INFORMATION SHOWN section start
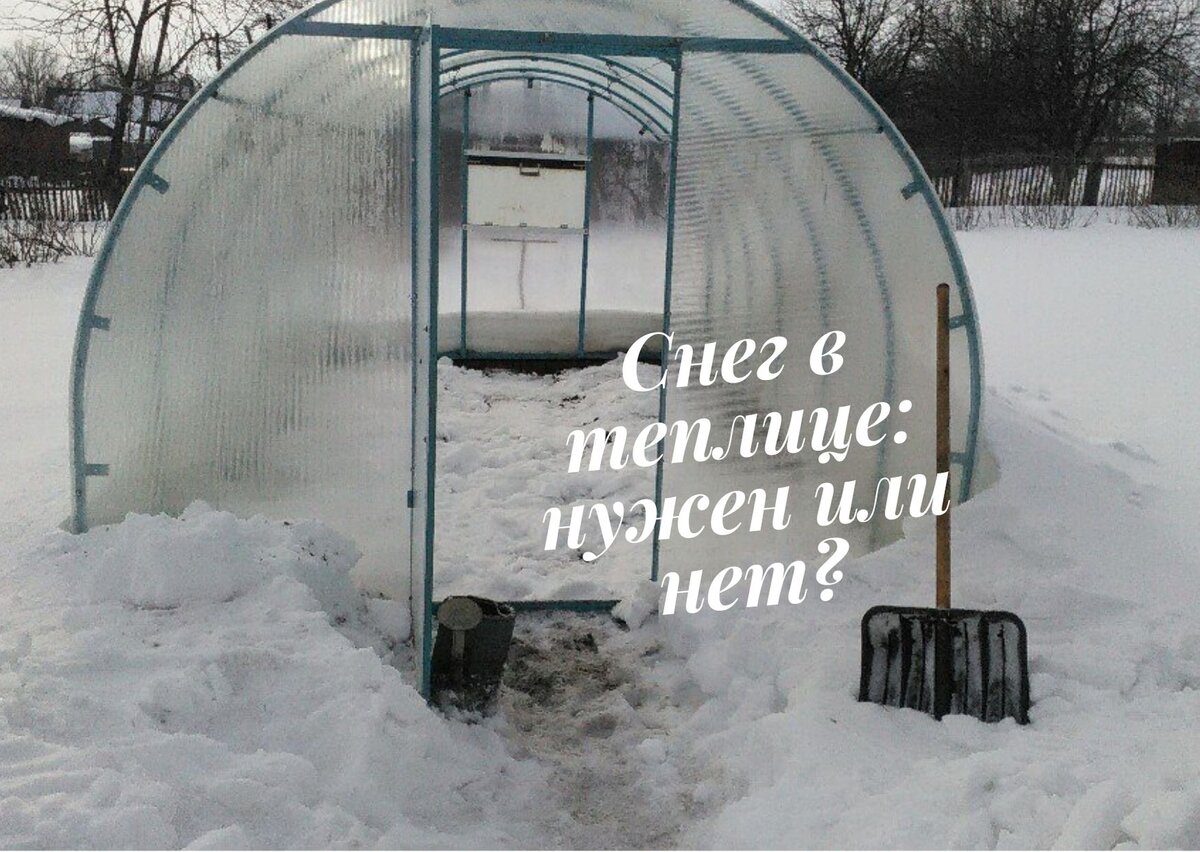 Нужен ли снег в теплице
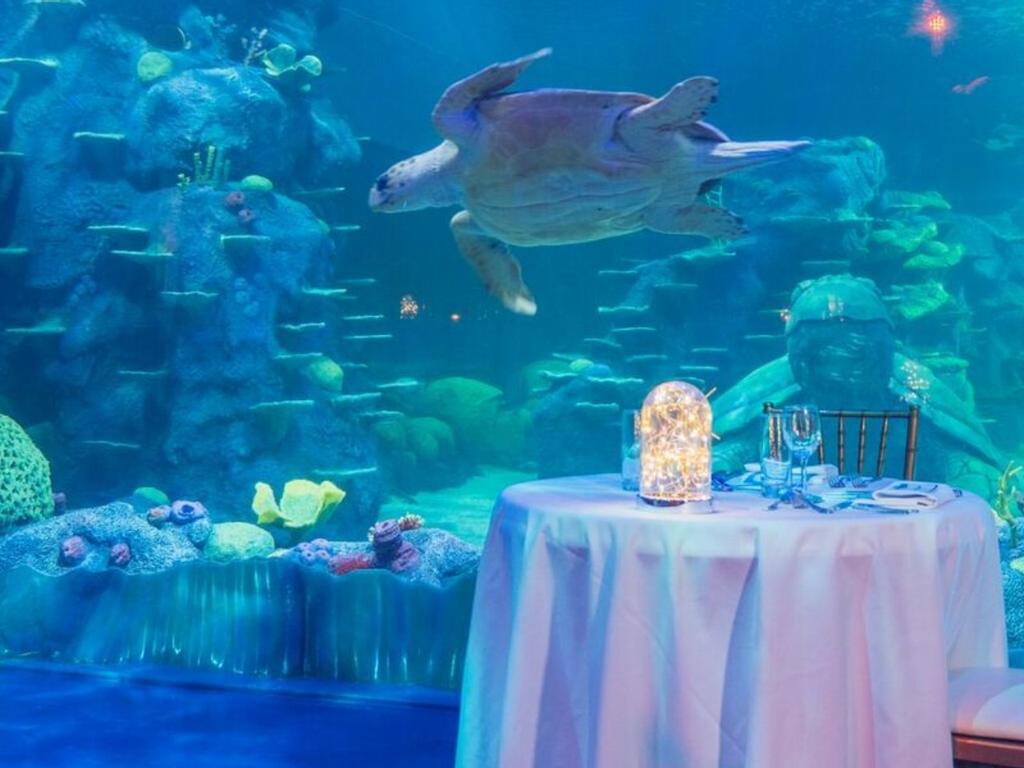 Aquarium private dining 2021 | What's on in Sydney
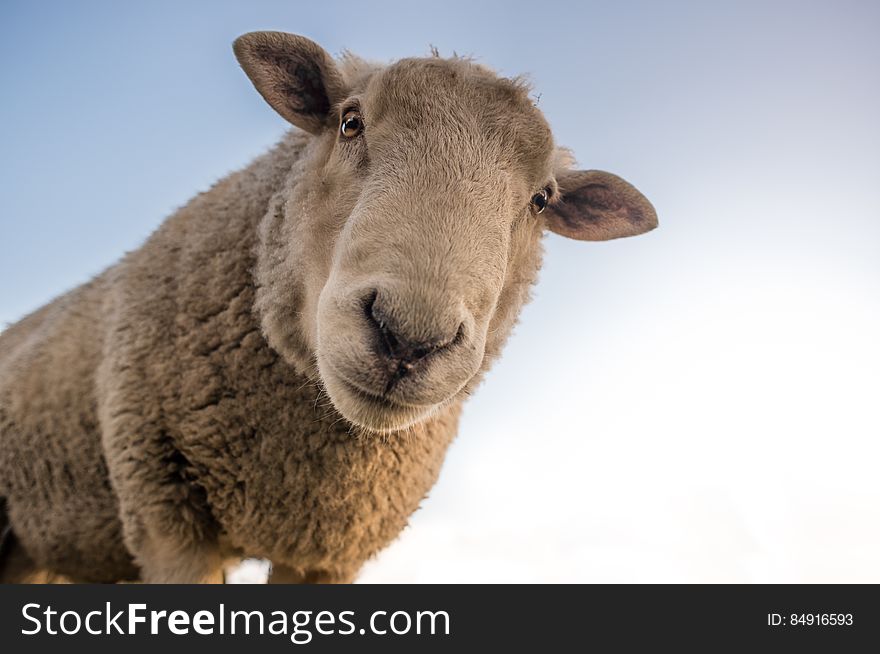 Focus Photo of Brown Sheep Under Blue Sky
INFORMATION SHOWN section end
» WHAT THE TASK ASKS:
Nothing but the lines from the line containing "Aquarium private dining" through the last line of the listing above should appear, output exactly, with no pictures.

» OUTPUT OF THE EXERCISE:
 Aquarium private dining 2021 | What's on in Sydney
 Focus Photo of Brown Sheep Under Blue Sky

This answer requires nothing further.